Brace yourself, because in a few moments, you'll be asked to get naked — financially, that is. 

The Financial Gym isn't a gym, per se, and the workout you're about to endure isn't for your glutes. Rather, the Financial Gym offers an exercise regimen tailored to another integral aspect of your life: your budget.

Your first workout at the gym, which founder Shannon McLay has cheekily dubbed the "financially naked session," might involve a glass of wine, a box of Kleenex, and a radical re-envisioning of your finances. You'll be asked a number of questions. How much money do you make? Are you in debt? What kind of credit cards do you use? Do you want to own a house? Do you want to travel the world? Are you getting married? Are you planning on having a baby?

From there, you'll be assigned a trainer and a finance fitness plan that's customized to your specific finance goals. Or, as McLay puts it: "A diet regimen that's like Weight Watchers, but for your budget."

The Financial Gym, which opened its new headquarters on 25th Street in early February, is the fruition of an idea envisioned by McLay four years ago, when she was working as a financial advisor at Merrill Lynch. As a financial advisor with over a decade of experience in investment banking, McLay repeatedly received requests from friends and colleagues to help them sort out their finances.

Financial Gym

"People were constantly coming up to me who didn't have $250,000 in assets and asking, 'Hey, can you help me with my money?'" she said. "I realized that they wanted to talk to someone about how to manage their money. They wanted to go to a place. And I realized that most people don't have a place that exists where they can talk about their finances."
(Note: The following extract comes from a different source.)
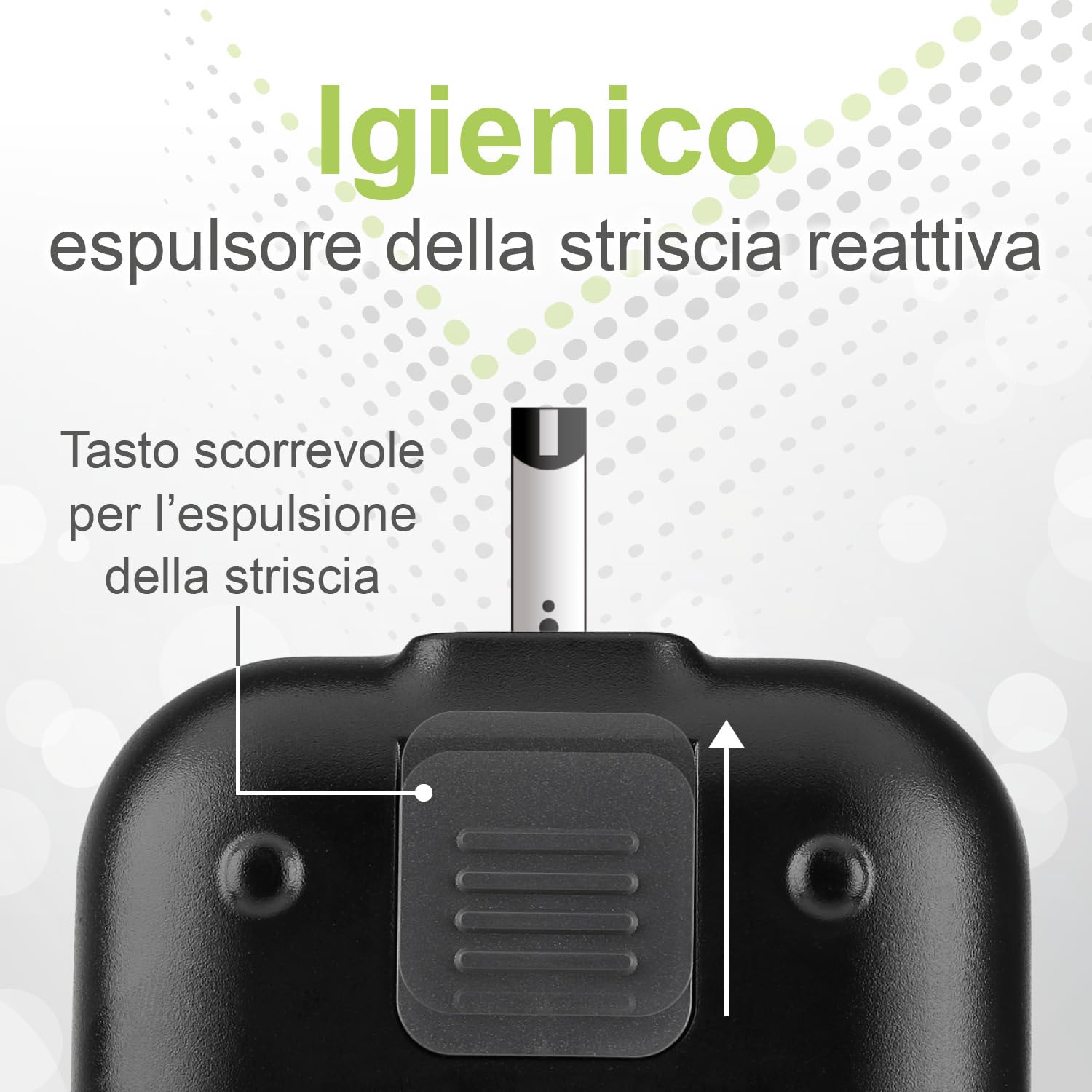 adia glucometro (mg) + 110 strisce per glicemia + 110 lancette, 1 pungidito, 1 astuccio, glicemia misurare kit completo per il monitoraggio della glicemia per diabetici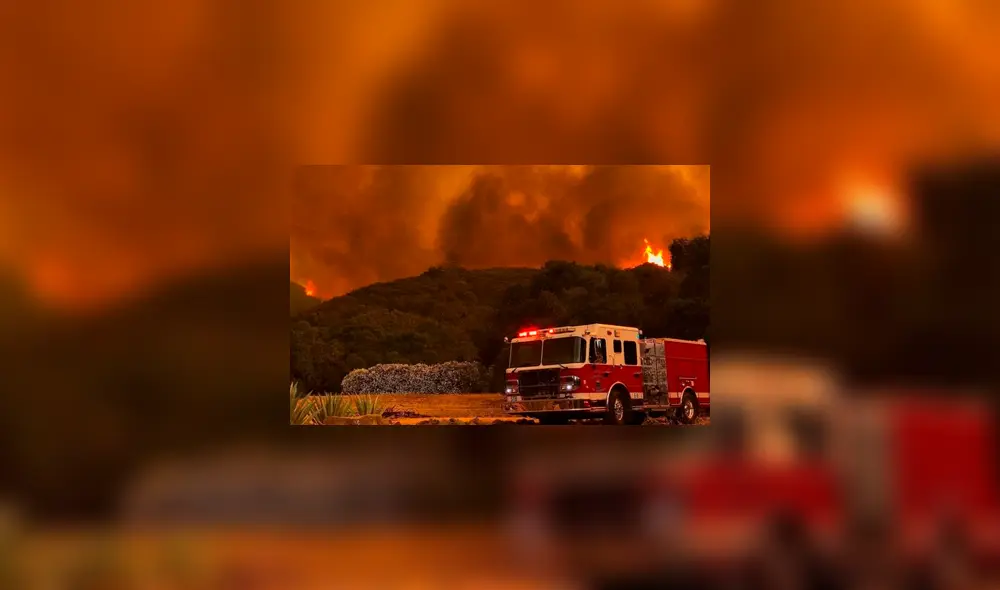 Se registraron incendios forestales en California. Foto: EPA Se registraron incendios forestales en California. Foto: EPA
But creating a financial advisory company in New York that provided a physical location as its primary offering was an uphill battle for McLay, who received pushback from investors from the very start. As she attempted to acquire funding for her first investment round, she was repeatedly dogged with the questions of, "Why can't this be an app? Why does this need to be a place?"

For McLay, the answer to these inquiries was obvious. The Financial Gym could only ever be a place, she felt, because in order to effect positive change in people's lives, they needed not only a human connection, but an environment where they felt comfortable talking about their finances.

"The majority of our client meetings start out with people talking about fear and shame —  these are the two words that always come out," she said. "People are walking around, totally overwhelmed by feelings of fear and shame when it comes to their finances, and it's like, what, you're going to go to an app to figure that out?"

McLay is determined to offer everything that an app can't: a holistic approach to finances tailor-made to each client's life goals.

"We plan finances around our clients' lives and what they want out of life," she said. "We ask them if they want kids, if they want to retire earlier, if they want to backpack around the world for a year, and we try to find a financial path that fits their aspirations."

At the gym, each trainer's goal for their clients is to offer a path to financial independence.  McLay describes this as "the ability to work when you want to work, and not because you have to work."

Financial Gym

In keeping with its app-free ethos, the plans offered by the Financial Gym are surprisingly devoid of technology. You won't be offered resources in the form of an app or a website. Instead, you'll receive a folder of paperwork outlining a detailed to-do list, which includes the types of credit cards you should apply for, the amount of debt you need to pay off in a month, and the amount of money you'll need to save. 

Each month, clients are graded on their financial fitness. Get straight As, and you'll be awarded a badge. Slip up on your budget goals and you might be demoted to a "D."  "Our clients are obsessed with their quarterly review," said McLay. "People really respond to grade-based feedback."

McLay's clients are from a mix of different backgrounds. Some of her clients command triple-figure salaries but struggle to pay off student debt, while others are blue-collar families saddled with punishing mortgages who dream of financial independence. Regardless, the Financial Gym prices its advisory plans at exactly the same rate: $85 a month for a monthly meeting, an on-call financial advisor, and a financial fitness plan suited to their life goals. For couples, monthly rates start at $145, and for students, it's $35 a month. 

"I wanted to price it like a regular gym," said McLay. "I wanted to create something that real people could afford."

Take a look inside the first Financial Gym:

SEE ALSO: Move over, Prada: Millennials can't get enough of Koio, an Italian sneaker company that sells luxury shoes for a fraction of the cost

McLay designed the gym to feel like a home away from home. "I don't want this to feel like a workspace," she said. "Most people work on money in their home. We want this to be like their second home."



The gym is equipped with cozy workspaces that double as private meeting rooms with sliding barn doors.



People get emotional around money, says McLay, and the Money Bar's beverage selection is intended to help clients take the edge off. "We say we go through wine and Kleenex here, that's our inventory," she said.



See the rest of the story at Business Insider

The unregulated world of 'emotional support animals' is driving airlines crazy — and science is on their side

Posted: 04 Mar 2018 06:45 AM PST

therapy dogs airport

  • Unlike service dogs, "emotional support animals" are an unregulated group.
  • Some such animals have been causing serious problems on flights: peeing, defecating, and mauling passengers.
  • There's little scientific evidence about what emotional support animals really do for people.
  • Airlines are cracking down on support animals and issuing tighter regulations.


Emotional support peacocks. Emotional support snakes. Emotional support hamsters.

People have been bringing all sorts of "support animals" into public places recently, arguing the creatures should be allowed to fly on planes and come into offices or restaurants because they serve a mental-health purpose. 

But what does an emotional support pet actually do, and does the designation really mean anything?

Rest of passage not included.